Is a 5% chance of losing more than $5 million a low, medium, or high risk? Nobody knows. Is a medium-risk investment with a 15% return on investment better or worse than a high-risk investment with a 50% return? Again, nobody knows because the statements themselves are ambiguous.

This example resonates with me well because it comes up fairly often in cybersecurity. You need to manage risk, which means scoring and sorting risks to handle, but how to properly score risks often feels vibes based. It is worth noting that Hubbard has a second book specifically focusing on cybersecurity risk that is on my reading list. It is also worth noting that becoming properly calibrated, as in being able to provide accurate measurements, is a hard process as well that the book goes into a great deal of detail on.

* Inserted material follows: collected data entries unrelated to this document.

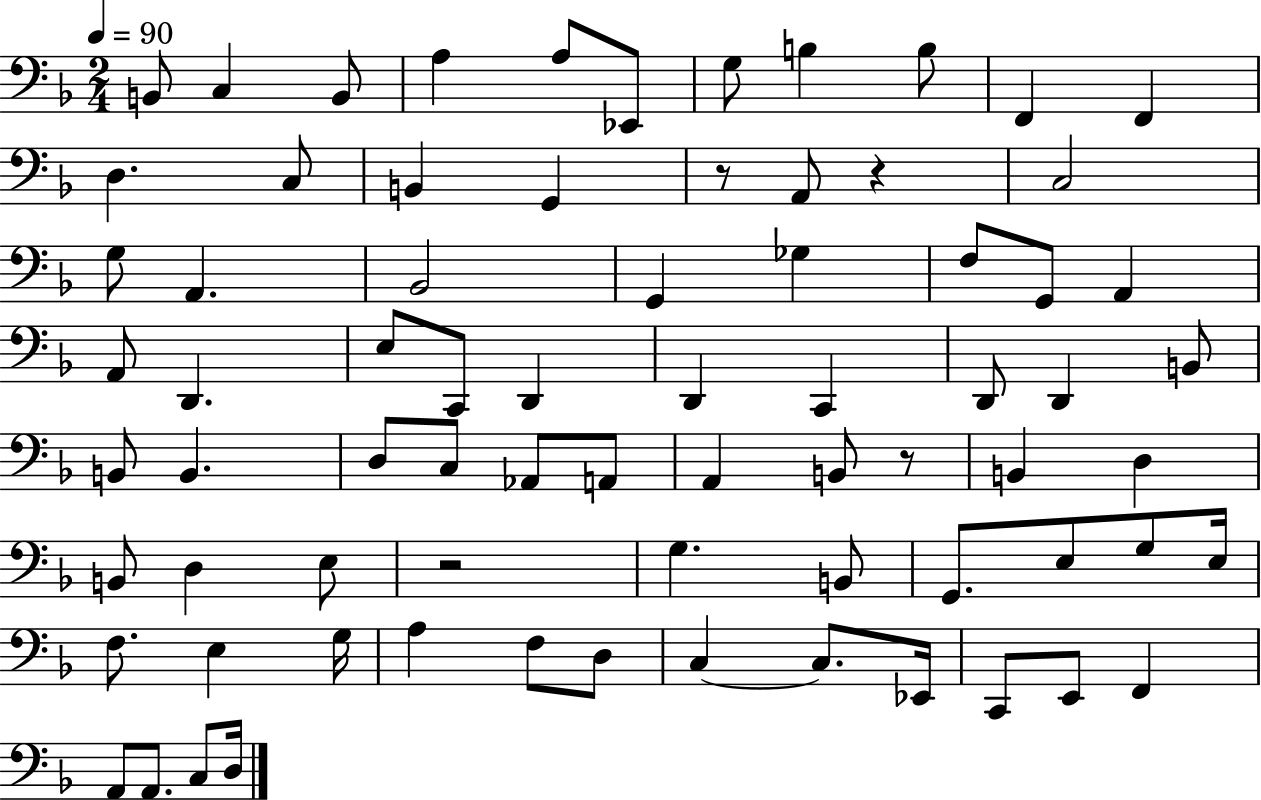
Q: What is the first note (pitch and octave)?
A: B2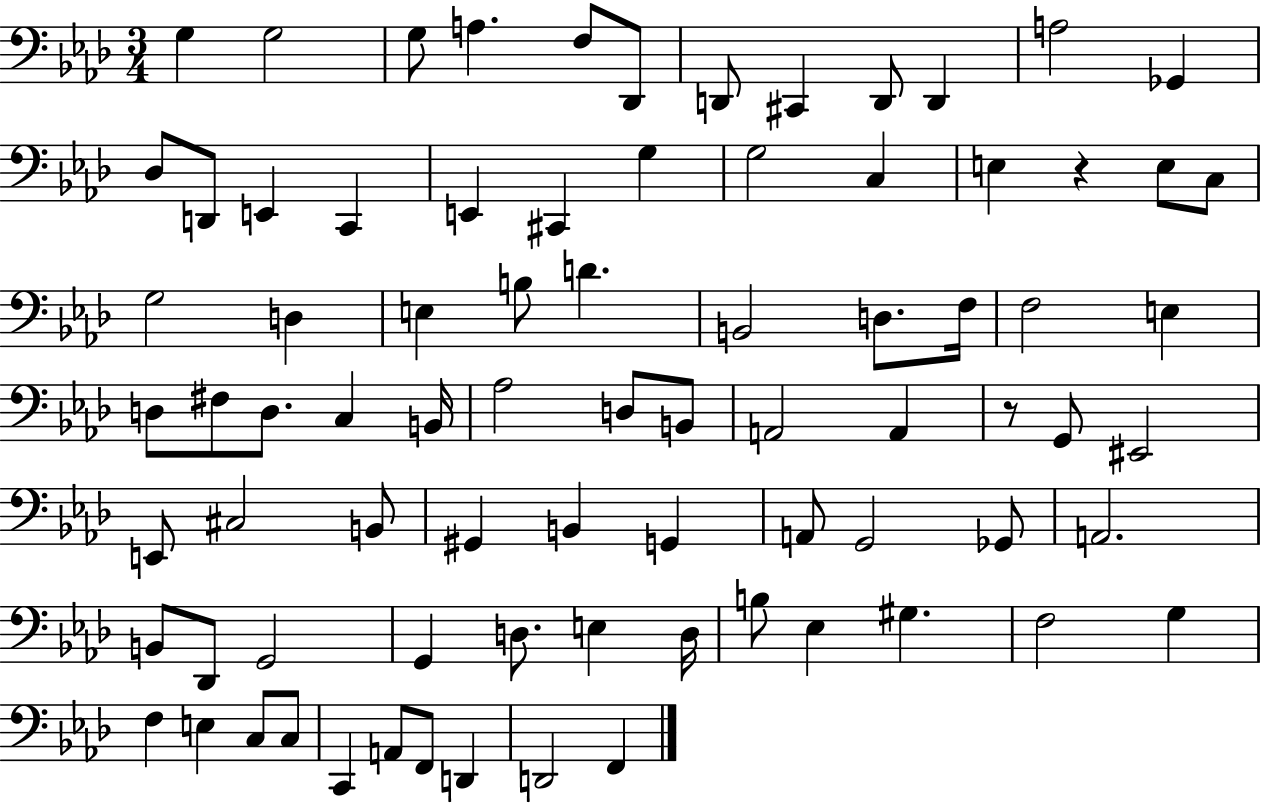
{
  \clef bass
  \numericTimeSignature
  \time 3/4
  \key aes \major
  \repeat volta 2 { g4 g2 | g8 a4. f8 des,8 | d,8 cis,4 d,8 d,4 | a2 ges,4 | \break des8 d,8 e,4 c,4 | e,4 cis,4 g4 | g2 c4 | e4 r4 e8 c8 | \break g2 d4 | e4 b8 d'4. | b,2 d8. f16 | f2 e4 | \break d8 fis8 d8. c4 b,16 | aes2 d8 b,8 | a,2 a,4 | r8 g,8 eis,2 | \break e,8 cis2 b,8 | gis,4 b,4 g,4 | a,8 g,2 ges,8 | a,2. | \break b,8 des,8 g,2 | g,4 d8. e4 d16 | b8 ees4 gis4. | f2 g4 | \break f4 e4 c8 c8 | c,4 a,8 f,8 d,4 | d,2 f,4 | } \bar "|."
}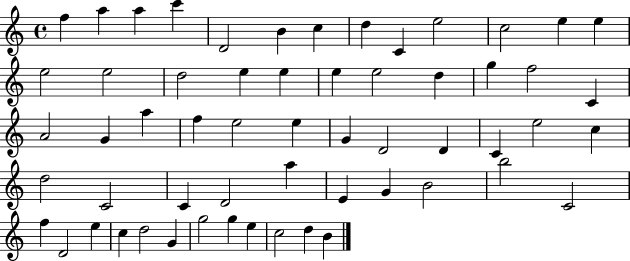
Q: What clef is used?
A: treble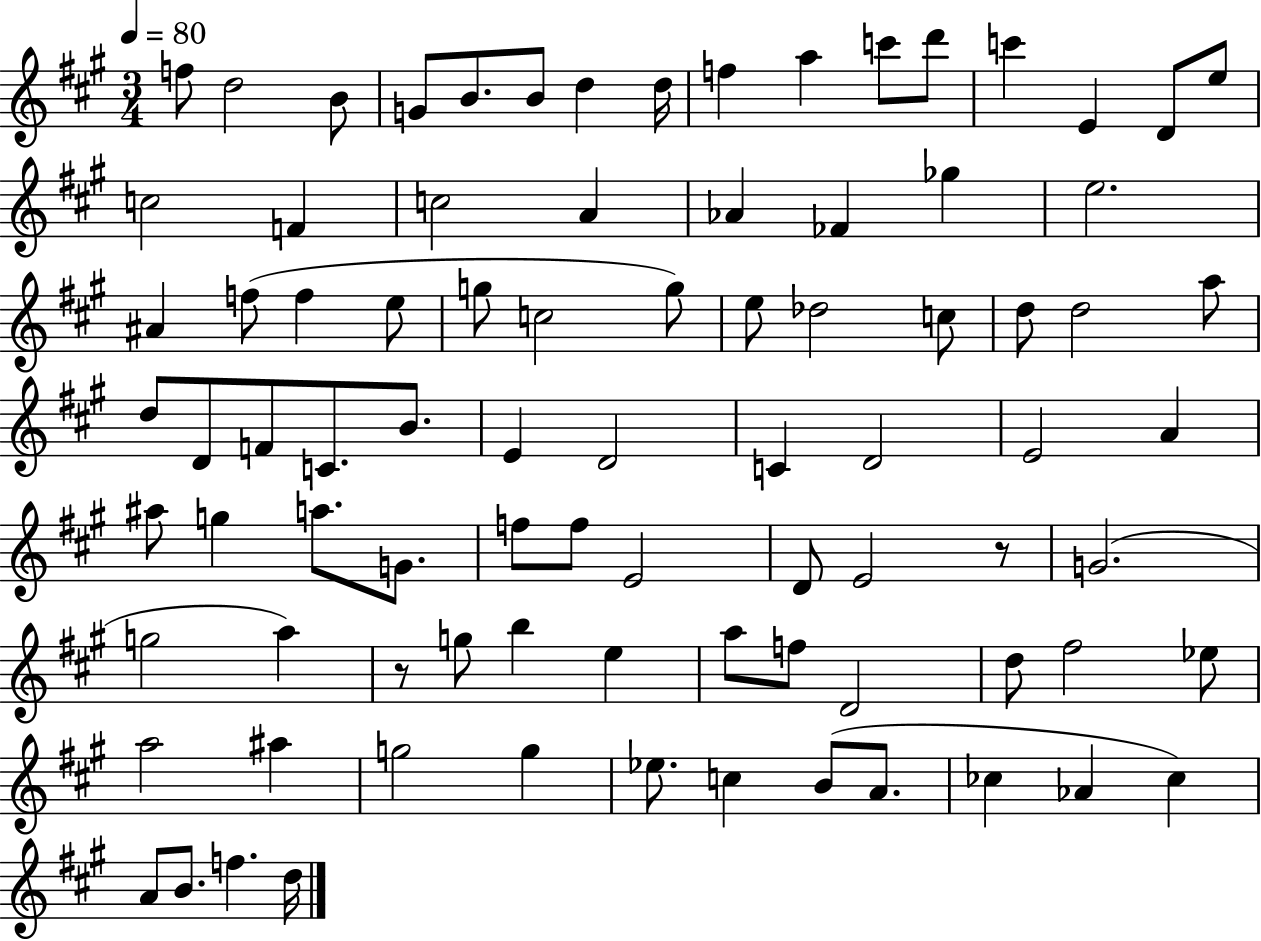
{
  \clef treble
  \numericTimeSignature
  \time 3/4
  \key a \major
  \tempo 4 = 80
  f''8 d''2 b'8 | g'8 b'8. b'8 d''4 d''16 | f''4 a''4 c'''8 d'''8 | c'''4 e'4 d'8 e''8 | \break c''2 f'4 | c''2 a'4 | aes'4 fes'4 ges''4 | e''2. | \break ais'4 f''8( f''4 e''8 | g''8 c''2 g''8) | e''8 des''2 c''8 | d''8 d''2 a''8 | \break d''8 d'8 f'8 c'8. b'8. | e'4 d'2 | c'4 d'2 | e'2 a'4 | \break ais''8 g''4 a''8. g'8. | f''8 f''8 e'2 | d'8 e'2 r8 | g'2.( | \break g''2 a''4) | r8 g''8 b''4 e''4 | a''8 f''8 d'2 | d''8 fis''2 ees''8 | \break a''2 ais''4 | g''2 g''4 | ees''8. c''4 b'8( a'8. | ces''4 aes'4 ces''4) | \break a'8 b'8. f''4. d''16 | \bar "|."
}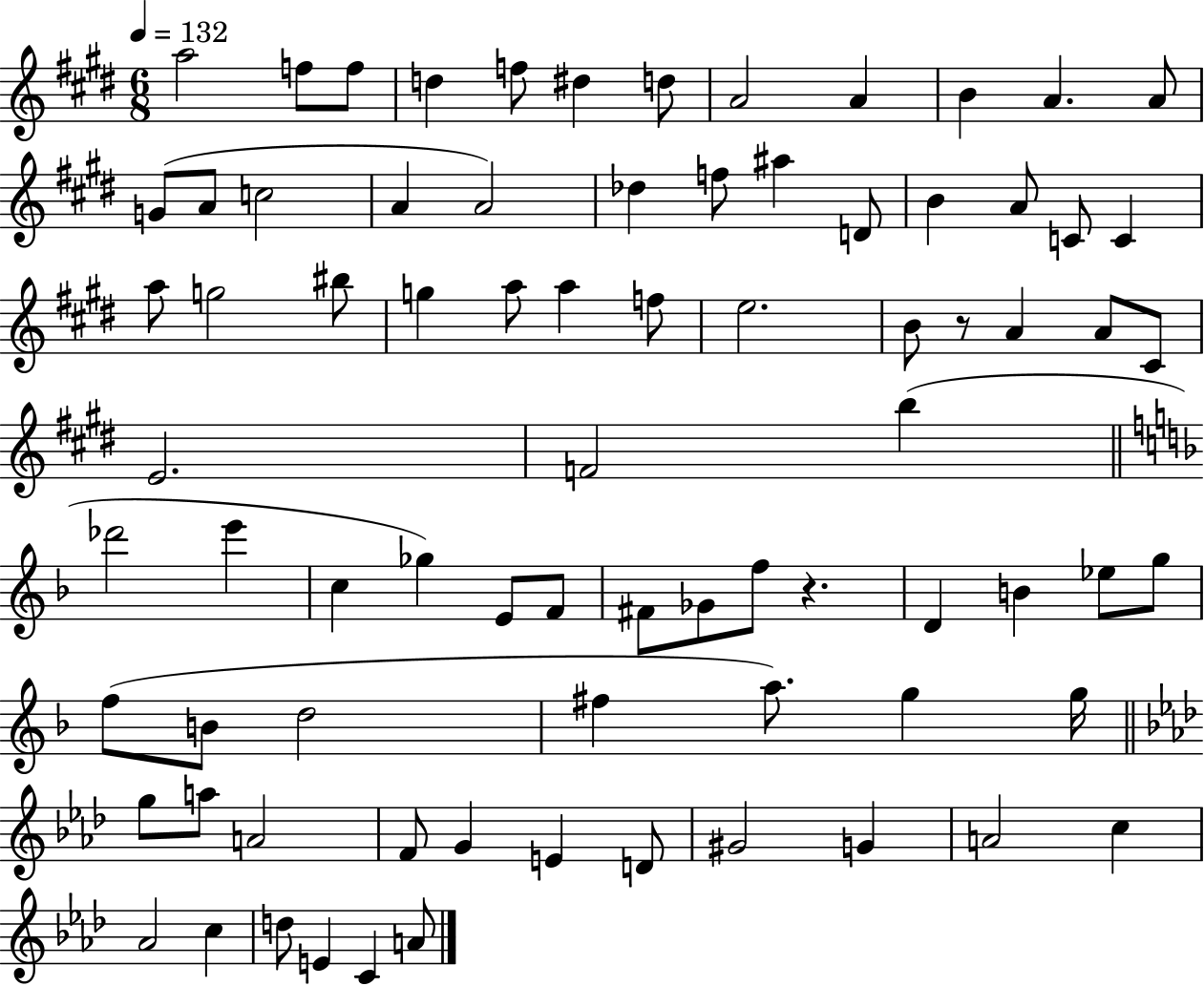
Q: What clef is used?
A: treble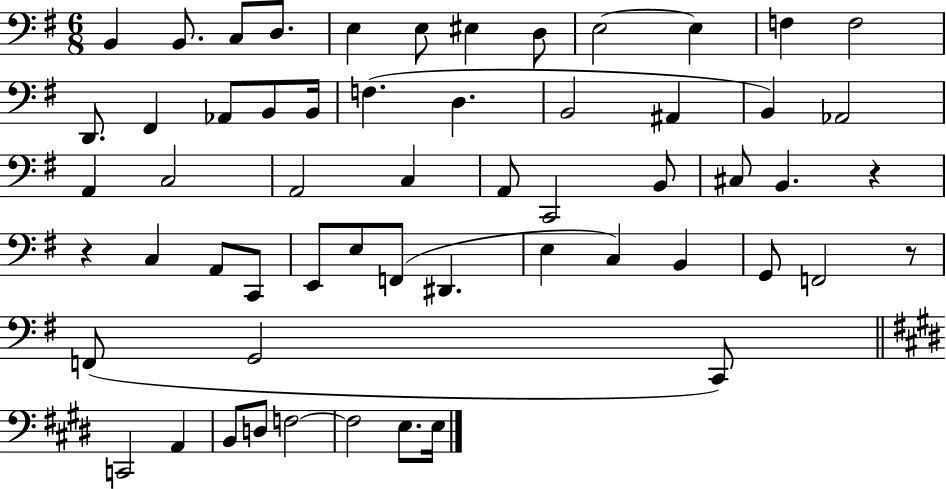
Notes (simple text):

B2/q B2/e. C3/e D3/e. E3/q E3/e EIS3/q D3/e E3/h E3/q F3/q F3/h D2/e. F#2/q Ab2/e B2/e B2/s F3/q. D3/q. B2/h A#2/q B2/q Ab2/h A2/q C3/h A2/h C3/q A2/e C2/h B2/e C#3/e B2/q. R/q R/q C3/q A2/e C2/e E2/e E3/e F2/e D#2/q. E3/q C3/q B2/q G2/e F2/h R/e F2/e G2/h C2/e C2/h A2/q B2/e D3/e F3/h F3/h E3/e. E3/s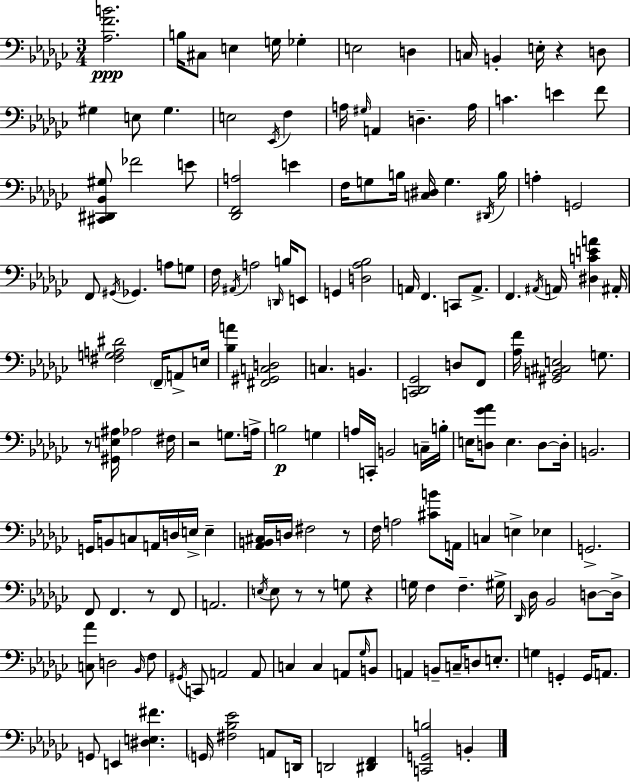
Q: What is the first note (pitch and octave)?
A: B3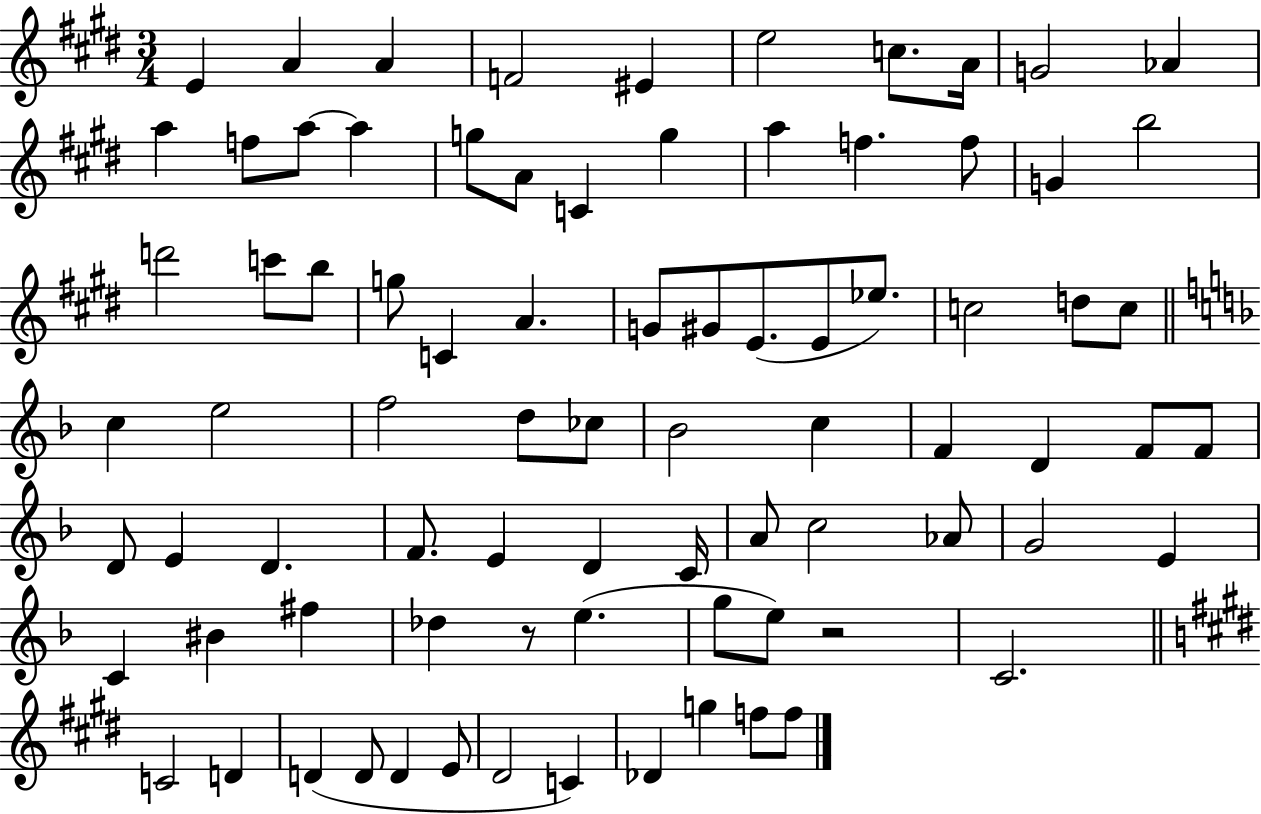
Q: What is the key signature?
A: E major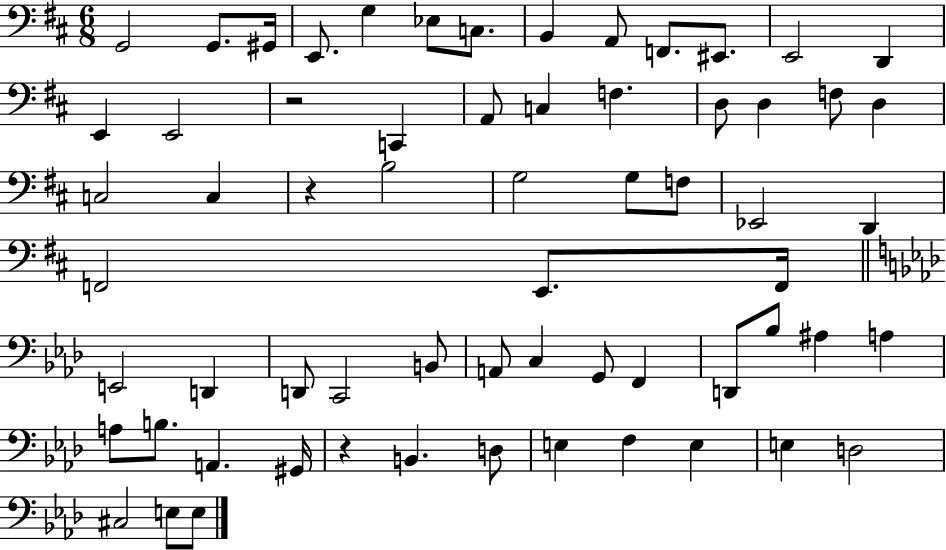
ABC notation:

X:1
T:Untitled
M:6/8
L:1/4
K:D
G,,2 G,,/2 ^G,,/4 E,,/2 G, _E,/2 C,/2 B,, A,,/2 F,,/2 ^E,,/2 E,,2 D,, E,, E,,2 z2 C,, A,,/2 C, F, D,/2 D, F,/2 D, C,2 C, z B,2 G,2 G,/2 F,/2 _E,,2 D,, F,,2 E,,/2 F,,/4 E,,2 D,, D,,/2 C,,2 B,,/2 A,,/2 C, G,,/2 F,, D,,/2 _B,/2 ^A, A, A,/2 B,/2 A,, ^G,,/4 z B,, D,/2 E, F, E, E, D,2 ^C,2 E,/2 E,/2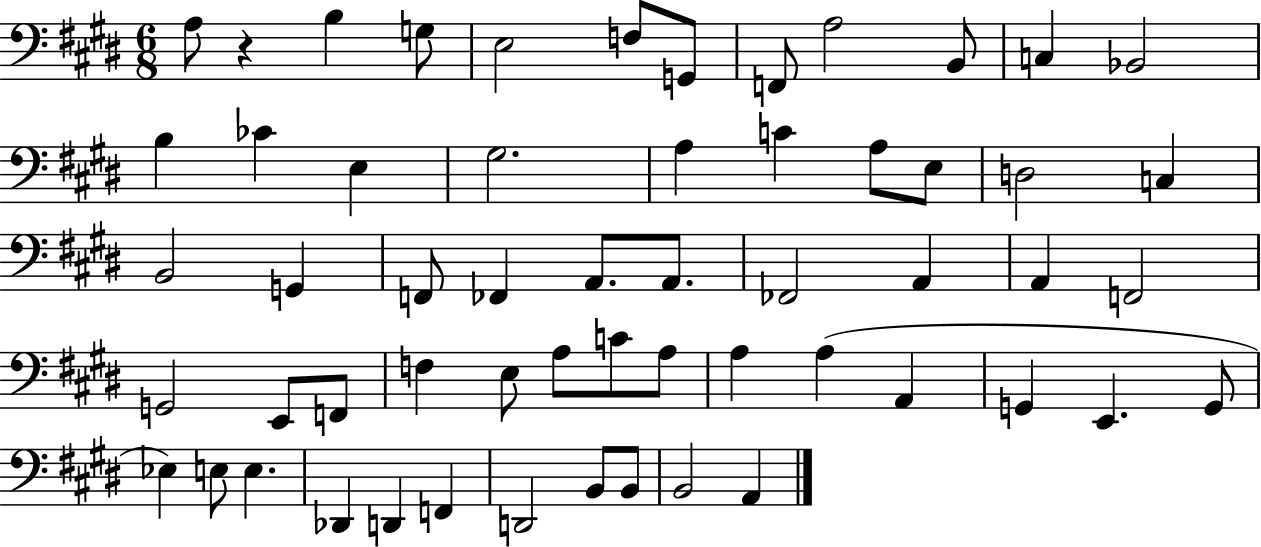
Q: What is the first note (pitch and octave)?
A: A3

I’ll close with yet another quote from the end of the book, summarizing the contents:

1. It’s been measured before.
2. You have far more data than you think.
3. You need far less data than you think.
4. Useful, new observations are more accessible than you think.

(1) in particular is the strongest endorsement I can give for reading the book. What you need to know has likely been done before, studied to exhaustion, and you can probably find it in this book. Even if it is not perfect detailed information, well, to add onto point (3), you don’t even need perfect data, you just need to reduce your uncertainty.